Zack Handlen of The A.V. Club praised the episode's uniqueness and the fact that it does not follow a single linear plot like the season premiere, "The Rickshank Rickdemption"; however, the review also noted that the show was "writing itself into a corner." Jesse Schedeen of IGN called the episode "a deep dive into all the horrible adventures Morty would just as soon (and did) forget. The results were amusing, but this episode still lacked the freshness of "Rixty Minutes"." The review, comparing the episode to the season two episode "Interdimensional Cable 2: Tempting Fate", also said it "is more entertaining than another "Interdimensional Cable 2" sequel likely would have been, but it's far from the strongest installment of the season.

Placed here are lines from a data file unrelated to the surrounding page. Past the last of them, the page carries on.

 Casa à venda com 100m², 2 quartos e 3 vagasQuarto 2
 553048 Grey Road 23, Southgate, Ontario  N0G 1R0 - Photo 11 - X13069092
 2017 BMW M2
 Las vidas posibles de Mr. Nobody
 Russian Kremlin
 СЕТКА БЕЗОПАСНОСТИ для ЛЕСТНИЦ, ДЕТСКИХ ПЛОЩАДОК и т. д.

Nor is it a formula that demands its own sequel." Inverse called the episode "an entertaining alternate to "Interdimensional Cable 2" that's a lot more fun than the random madness of alternate reality television, but these stories actually have an impact on how we perceive the show's main characters," also posing the theory that the episode is set in an alternate universe from the rest of the show with an alternate version of Rick and Morty, as the episode implies that the two characters have "migrated" to a new dimension more than shown in previous episodes.

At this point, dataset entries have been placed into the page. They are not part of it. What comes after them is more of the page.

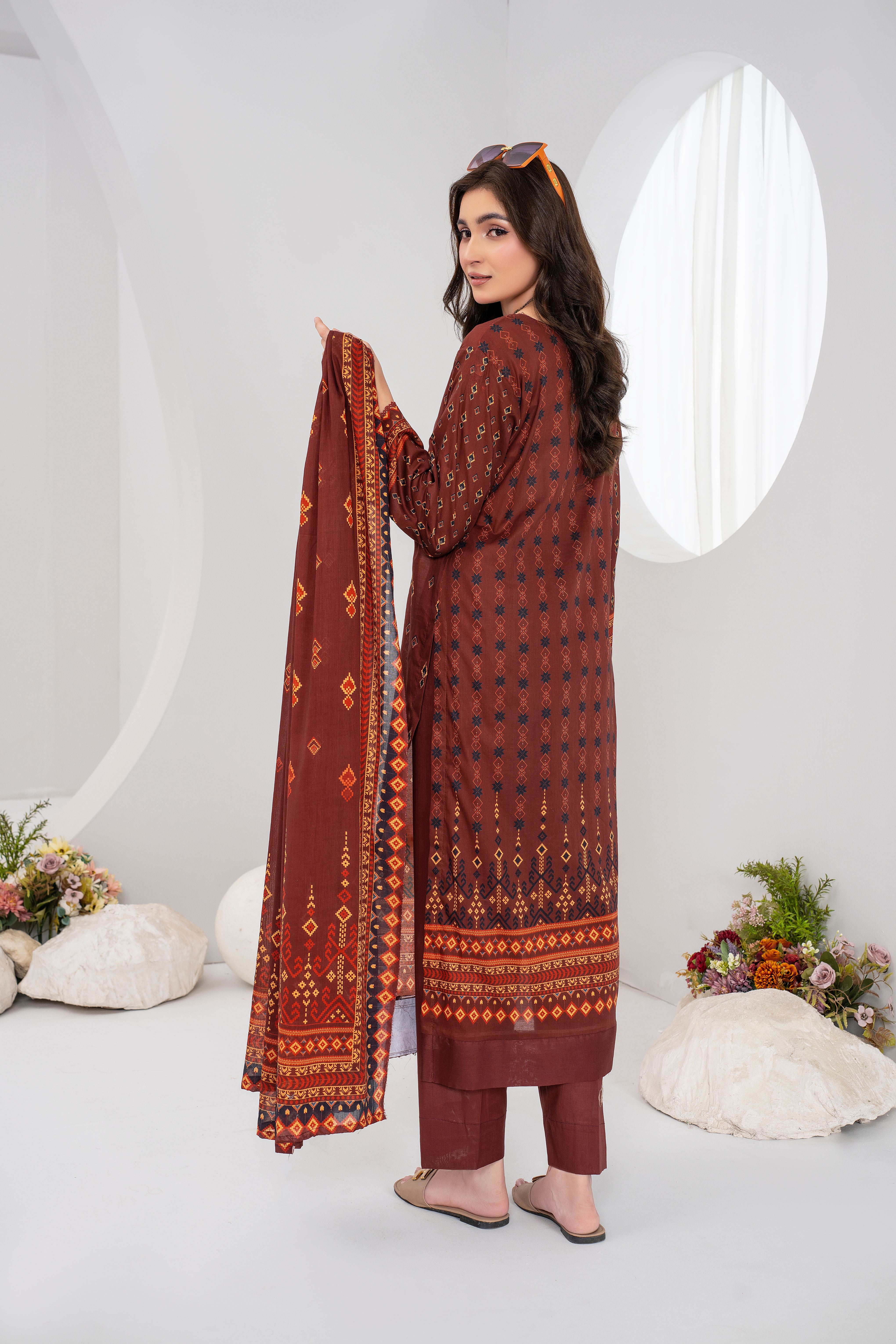 Libas-E-Khas RJ-03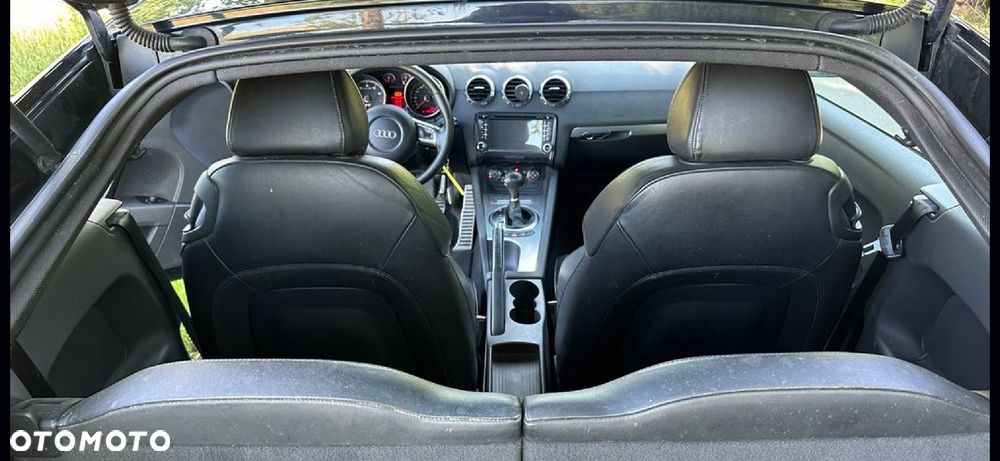 Audi TT Coupé 2.0 TFSI S tronic - 17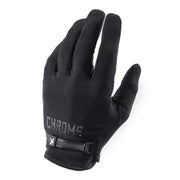 Chrome Cycling Gloves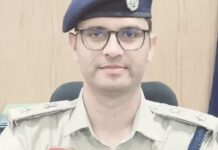 साइबर अलर्ट, सरकारी कर्मचारियों को बनाया जा रहा निशा Rewari cyber alert
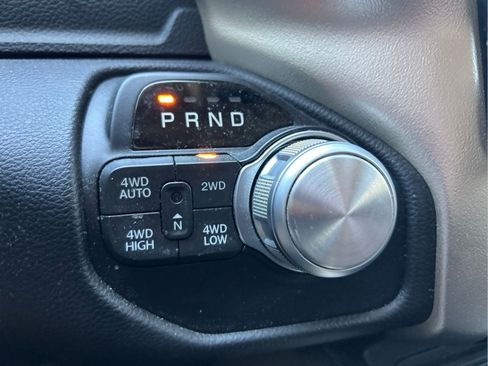 Certified 2019 RAM 1500 Laramie AWD/4WD image 18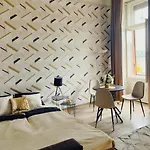 Lejlighed Marble *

Den of Geek also compared and contrasted the episode to "Interdimensional Cable 2", saying "each sketch can’t start with a completely blank canvas. Rick and Morty have to be at the center of all of them, which, like the lack of ad-libbing, makes this a lot less of a freewheeling ride" and giving the episode overall 3.5 stars out of 5. In an episode review, Steve Greene of IndieWire said, "For a series that delights in its visual inventiveness, it’s hard to believe that this was the first time “Rick and Morty” ventured into the M.C. Escher zone, barely escaping a logic puzzle architectural trap with their bodies and minds intact."